Cruising by the TV this morning during a post-inaugural C-Span call-in program, I heard an "independent" from Minnesota ask, "Why did there have to be so many prayers?"
As I watched the proceedings this morning, I thought about the same phenomenon. Actually what I was thinking was, "My atheist friends must be getting vertigo from all the eye-rolling they're doing this morning."
I should say, my fellow atheist friends. Because I, too, do not believe in the existence of an extra-terrestrial god. Nevertheless, I cannot think of any way that we can get by without one. Perhaps someday we can bring it all back down to earth. But today, to borrow from my favorite fictional king, is not that day.

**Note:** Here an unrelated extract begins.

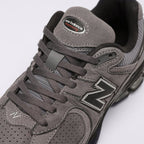 New Balance 2002R Castlerock Black (M2002REH) | SneakerClassics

Every football team thinks god is on their side. It doesn't make any sense, but that doesn't make it any less so. As I listened to the invocations and evocations and the blessings, I heard hopes, dreams, recognition of limits, understanding of weaknesses, affirmation of strengths. You could take the word "god" out of those prayers, and those hopes, dreams, recognitions, understandings, and affirmations might still be there but, I was asking myself, would they have the same power? I don't think so. So I ask myself why.
Maybe it's because "god," whatever that is, belongs to everybody. Whenever god is invoked, that god is actually your god. It is Allah or Jehovah or the Buddha or Athena or the wonder of science. To me, it is a construct that I understand people have made and used to express needs, desires, sorrows, and longing for generations upon generations in every hut and hovel, high-rise and cul-de-sac. Prayers are the almighty wishes of human beings the world over.
And that being said, I wish all the best for President Obama and Vice President Biden on this inauguration day and for them and all of us in these next four years.